Un autre expert, Eddy Acevedo, du Wilson Center à Washington, va plus loin et souligne qu'"il existe une réelle possibilité que le chef de gang Barbecue, qui a été sanctionné par les Nations unies (...), prenne le contrôle du Palais national".

"La priorité absolue à l'heure actuelle doit être la sécurité", affirme-t-il alors qu'Haïti attend le déploiement d'une force multinationale de police menée par le Kenya soutenue notamment par les Etats-Unis, la France et le Canada.

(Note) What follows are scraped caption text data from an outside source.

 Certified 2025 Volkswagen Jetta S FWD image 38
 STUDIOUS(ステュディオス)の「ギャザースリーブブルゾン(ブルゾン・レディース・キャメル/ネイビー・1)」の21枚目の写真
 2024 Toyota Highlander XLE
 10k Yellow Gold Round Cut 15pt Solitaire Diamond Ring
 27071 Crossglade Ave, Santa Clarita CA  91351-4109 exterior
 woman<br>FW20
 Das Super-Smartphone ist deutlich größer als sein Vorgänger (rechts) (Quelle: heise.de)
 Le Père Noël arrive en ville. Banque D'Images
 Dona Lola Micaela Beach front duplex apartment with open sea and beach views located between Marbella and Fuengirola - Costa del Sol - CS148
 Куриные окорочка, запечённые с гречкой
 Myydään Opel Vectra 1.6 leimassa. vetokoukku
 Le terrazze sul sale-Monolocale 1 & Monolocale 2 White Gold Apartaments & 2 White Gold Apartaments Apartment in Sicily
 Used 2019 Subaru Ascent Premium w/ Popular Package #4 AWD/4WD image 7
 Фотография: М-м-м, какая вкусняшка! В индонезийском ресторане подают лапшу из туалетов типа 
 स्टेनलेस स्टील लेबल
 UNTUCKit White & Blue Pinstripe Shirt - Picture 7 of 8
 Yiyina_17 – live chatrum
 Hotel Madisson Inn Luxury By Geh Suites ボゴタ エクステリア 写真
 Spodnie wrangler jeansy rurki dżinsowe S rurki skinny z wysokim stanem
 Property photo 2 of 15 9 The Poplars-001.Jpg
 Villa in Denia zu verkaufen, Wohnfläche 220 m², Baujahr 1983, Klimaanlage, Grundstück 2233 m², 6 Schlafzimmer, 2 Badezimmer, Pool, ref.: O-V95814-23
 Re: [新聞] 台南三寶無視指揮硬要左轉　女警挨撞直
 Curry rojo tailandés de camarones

Washington s'est dit "pas surpris" que les chefs de gangs rejettent l'accord politique, "car ce sont eux qui prospèrent sur le chaos que nous avons vu s'installer en Haïti au cours des dernières semaines".

"Cela ne fait que renforcer l'urgence du déploiement de cette mission de sécurité en Haïti pour établir la loi et l'ordre sur le terrain, ce que, bien sûr, les membres des gangs redoutent et combattent", a déclaré mardi le porte-parole du département d'Etat, Matthew Miller.

Entretemps, à Port-au-Prince, Fritz Fils Aimé, 66 ans, estime que "rien ne peut se faire maintenant si on ne se coordonne pas avec les gangs armés. Il faut une entente", soutient cet habitant.